Published June 15, 2026· by Tomasz Bartel

Vigil Guard 1.8.x across nine public prompt-injection benchmarks

LLM SecurityPrompt InjectionBenchmarksRAG SecurityAIDR

What we tested

We are wrapping up testing of 1.8.x. Before it goes to production, here is how it does on public benchmarks, because that is the one result anyone outside can reproduce on their own.

We ran 1.8 against nine public, external prompt-injection benchmarks. We used no internal Vigil Guard dataset. Every result is raw 1.8 detection, and each one links to its source. Measured on the single-turn POST /v1/guard/input contract, block threshold score ≥ 40, build 1.8.0-lab, June 14, 2026.

The sets split into four scenarios: indirect injection hidden in content (emails, tables, code, RAG documents), classic direct injection against system instructions, jailbreaks paired with benign prompts written close to the attack boundary, and sets that measure over-defense, meaning how often the detector blocks legitimate text.

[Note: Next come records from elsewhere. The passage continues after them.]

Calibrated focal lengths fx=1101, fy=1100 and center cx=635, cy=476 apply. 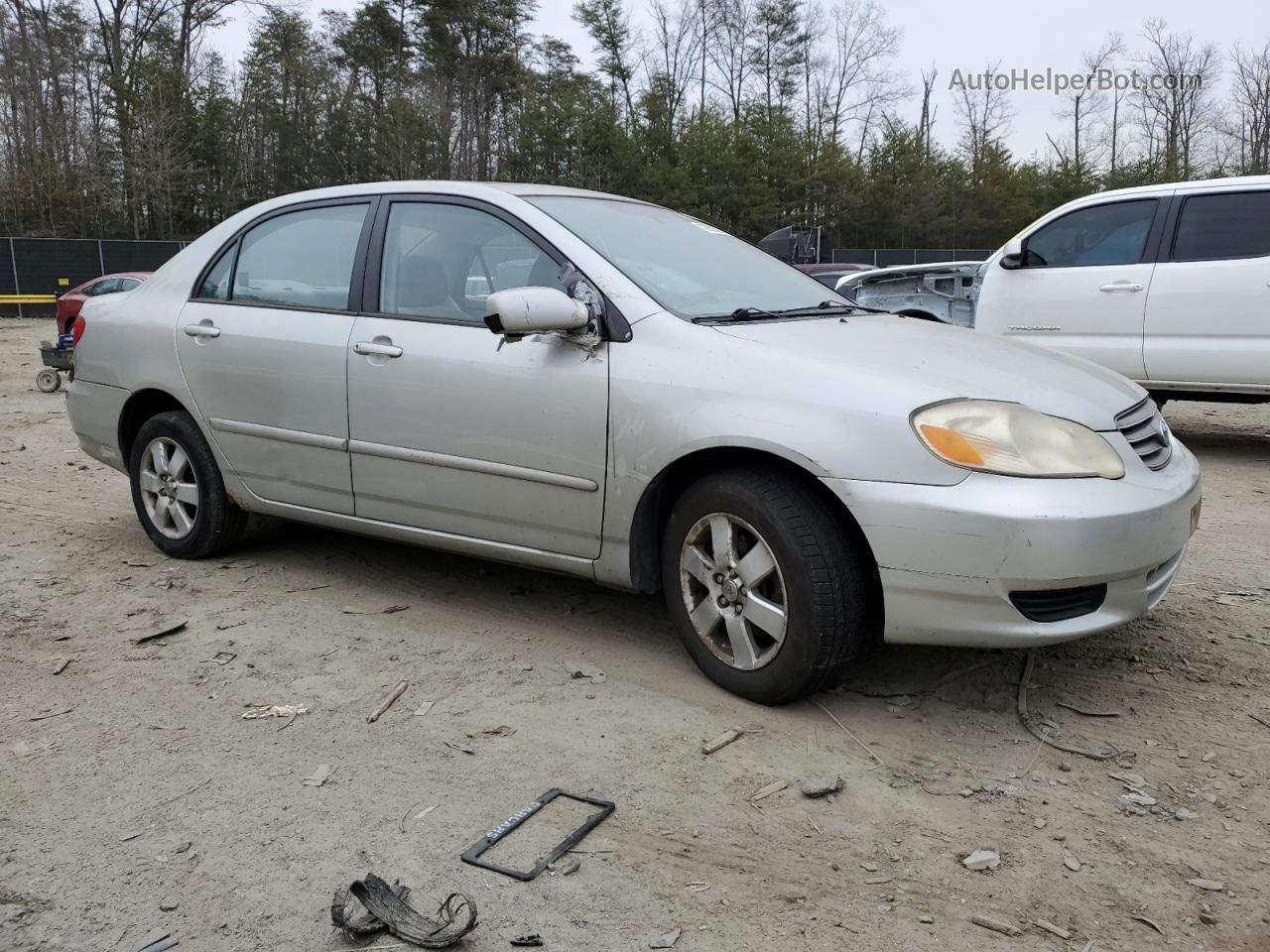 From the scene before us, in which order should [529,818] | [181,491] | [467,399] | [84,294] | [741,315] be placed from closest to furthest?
[529,818] < [741,315] < [467,399] < [181,491] < [84,294]

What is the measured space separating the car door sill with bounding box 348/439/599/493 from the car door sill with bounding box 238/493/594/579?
0.26m

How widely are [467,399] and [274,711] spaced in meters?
1.19

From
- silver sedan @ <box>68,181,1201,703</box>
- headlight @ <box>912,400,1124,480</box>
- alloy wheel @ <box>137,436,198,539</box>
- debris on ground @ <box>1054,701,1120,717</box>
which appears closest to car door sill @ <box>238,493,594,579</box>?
silver sedan @ <box>68,181,1201,703</box>

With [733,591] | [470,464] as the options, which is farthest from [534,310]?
[733,591]

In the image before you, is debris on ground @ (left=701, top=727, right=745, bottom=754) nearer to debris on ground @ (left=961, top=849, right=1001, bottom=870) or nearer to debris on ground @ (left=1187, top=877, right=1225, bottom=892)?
debris on ground @ (left=961, top=849, right=1001, bottom=870)

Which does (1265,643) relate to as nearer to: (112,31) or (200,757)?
(200,757)

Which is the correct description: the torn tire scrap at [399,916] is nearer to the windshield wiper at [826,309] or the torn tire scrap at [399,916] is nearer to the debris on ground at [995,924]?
the debris on ground at [995,924]

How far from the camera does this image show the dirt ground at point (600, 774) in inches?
90.7

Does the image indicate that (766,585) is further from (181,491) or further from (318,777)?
(181,491)

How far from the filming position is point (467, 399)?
12.4ft

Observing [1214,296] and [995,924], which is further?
[1214,296]

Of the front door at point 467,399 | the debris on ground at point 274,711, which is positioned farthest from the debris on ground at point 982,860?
the debris on ground at point 274,711

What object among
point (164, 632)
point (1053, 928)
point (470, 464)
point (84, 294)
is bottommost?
point (1053, 928)

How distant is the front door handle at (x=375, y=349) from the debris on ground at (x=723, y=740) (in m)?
1.81
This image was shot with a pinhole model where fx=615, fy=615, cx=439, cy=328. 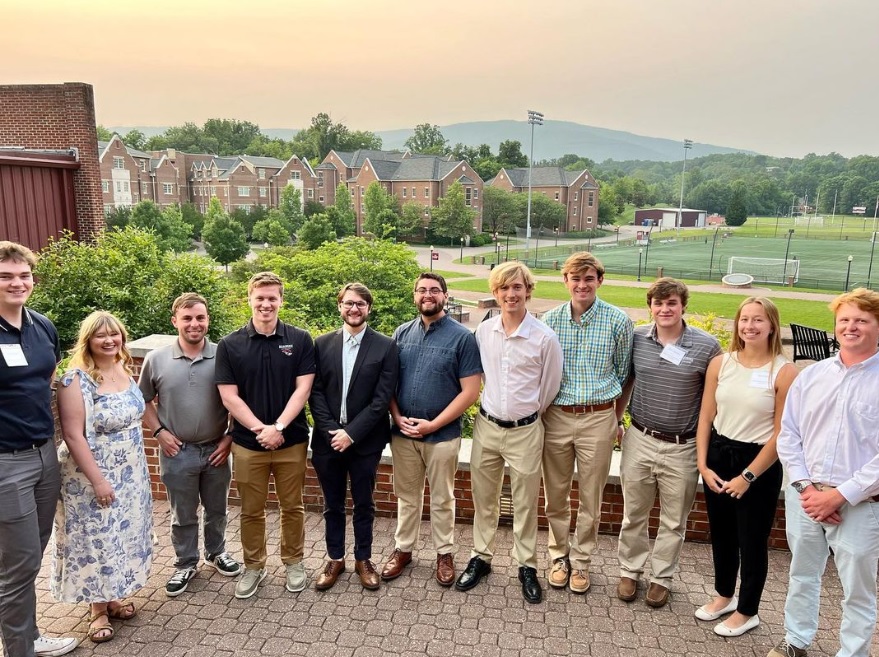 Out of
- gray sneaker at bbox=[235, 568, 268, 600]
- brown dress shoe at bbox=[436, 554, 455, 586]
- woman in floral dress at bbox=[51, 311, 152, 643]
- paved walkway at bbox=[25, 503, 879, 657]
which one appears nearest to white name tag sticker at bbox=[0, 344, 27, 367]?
woman in floral dress at bbox=[51, 311, 152, 643]

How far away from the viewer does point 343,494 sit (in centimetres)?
402

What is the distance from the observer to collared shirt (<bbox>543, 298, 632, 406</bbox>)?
3.79 metres

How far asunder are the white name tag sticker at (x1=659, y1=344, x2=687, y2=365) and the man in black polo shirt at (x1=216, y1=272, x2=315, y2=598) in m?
2.15

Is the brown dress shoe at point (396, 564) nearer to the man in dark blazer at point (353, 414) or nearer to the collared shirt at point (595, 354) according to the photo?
the man in dark blazer at point (353, 414)

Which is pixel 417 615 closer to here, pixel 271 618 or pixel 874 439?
→ pixel 271 618

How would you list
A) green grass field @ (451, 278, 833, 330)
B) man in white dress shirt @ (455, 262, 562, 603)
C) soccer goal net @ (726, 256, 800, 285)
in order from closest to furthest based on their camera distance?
man in white dress shirt @ (455, 262, 562, 603) → green grass field @ (451, 278, 833, 330) → soccer goal net @ (726, 256, 800, 285)

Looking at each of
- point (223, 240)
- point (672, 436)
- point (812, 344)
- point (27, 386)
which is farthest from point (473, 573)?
point (223, 240)

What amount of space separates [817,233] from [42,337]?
11402 centimetres

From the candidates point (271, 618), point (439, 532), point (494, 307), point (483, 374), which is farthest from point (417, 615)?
point (494, 307)

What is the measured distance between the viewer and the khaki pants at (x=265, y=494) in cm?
383

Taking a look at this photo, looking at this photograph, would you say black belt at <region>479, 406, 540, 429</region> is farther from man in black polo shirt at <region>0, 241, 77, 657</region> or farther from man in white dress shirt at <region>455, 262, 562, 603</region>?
man in black polo shirt at <region>0, 241, 77, 657</region>

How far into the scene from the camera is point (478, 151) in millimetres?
111062

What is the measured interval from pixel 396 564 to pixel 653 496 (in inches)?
68.0

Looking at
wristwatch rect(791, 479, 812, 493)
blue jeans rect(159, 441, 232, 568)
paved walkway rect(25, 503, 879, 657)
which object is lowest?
paved walkway rect(25, 503, 879, 657) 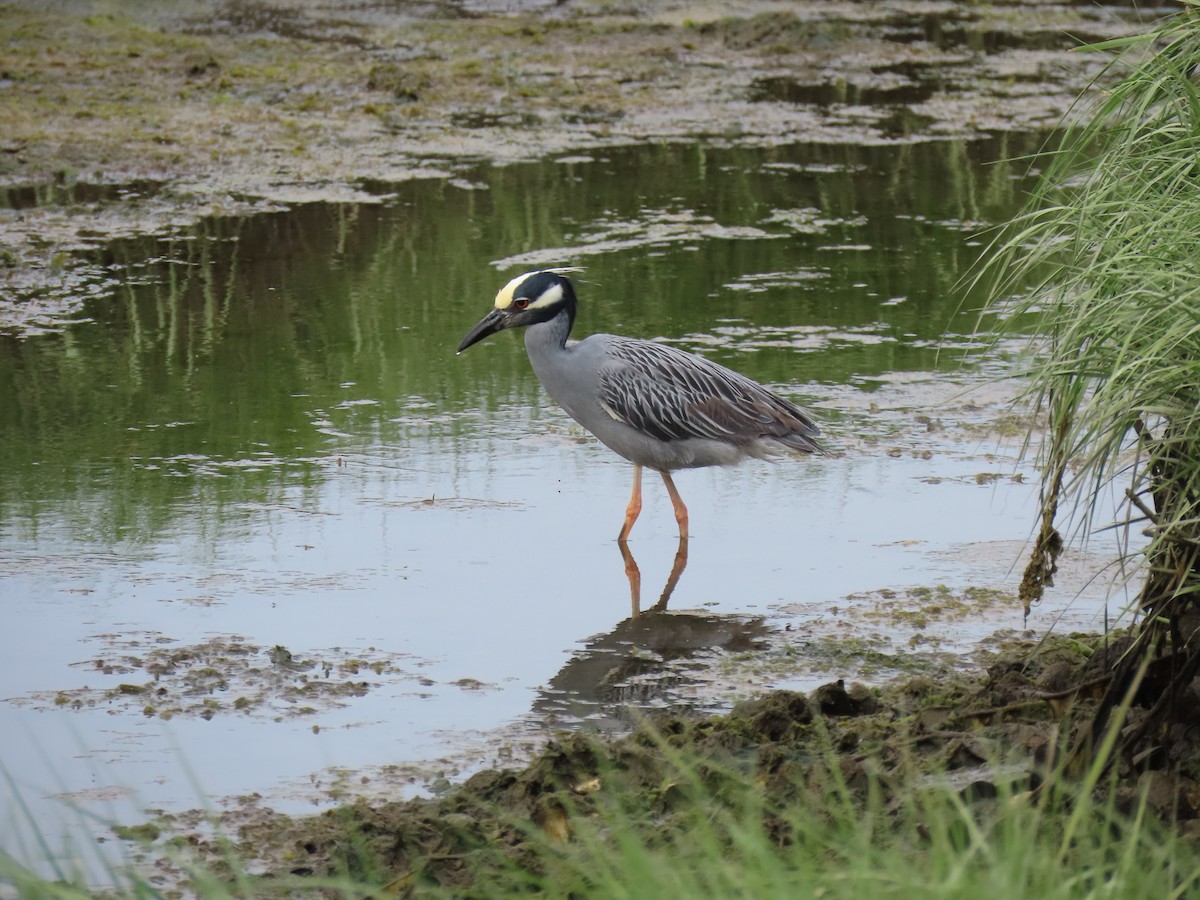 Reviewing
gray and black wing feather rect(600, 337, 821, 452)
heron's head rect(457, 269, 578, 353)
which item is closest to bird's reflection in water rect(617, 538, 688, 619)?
gray and black wing feather rect(600, 337, 821, 452)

Indirect injection and RAG

1.8 is strongest on indirect attacks, the ones where the instruction is never typed by the user but sits in the content the model processes.

Microsoft's BIPIA is 17,614 indirect attacks planted in emails, tables and code, the largest set in this report. 1.8 detects 98.9% of them.

indirect-pia-detection (Chen et al., ACL 2025) is a peer-reviewed benchmark where the attack hides inside a long RAG document built from SQuAD and TriviaQA, and the detector has to pull it out of genuine, on-topic text. Recall is 99.2%, and 99.7% (896 of 899) on the SQuAD split at 0.6% false positives. That is exactly the setup enterprise RAG pipelines run on: catch the planted instruction, leave the genuine document alone.

On direct attacks (instruction override, system-prompt extraction, behaviour redirection) pangea-aiguard-lab gives 95.3% recall over 1,433 samples. JailbreakBench is 100% (124 of 124).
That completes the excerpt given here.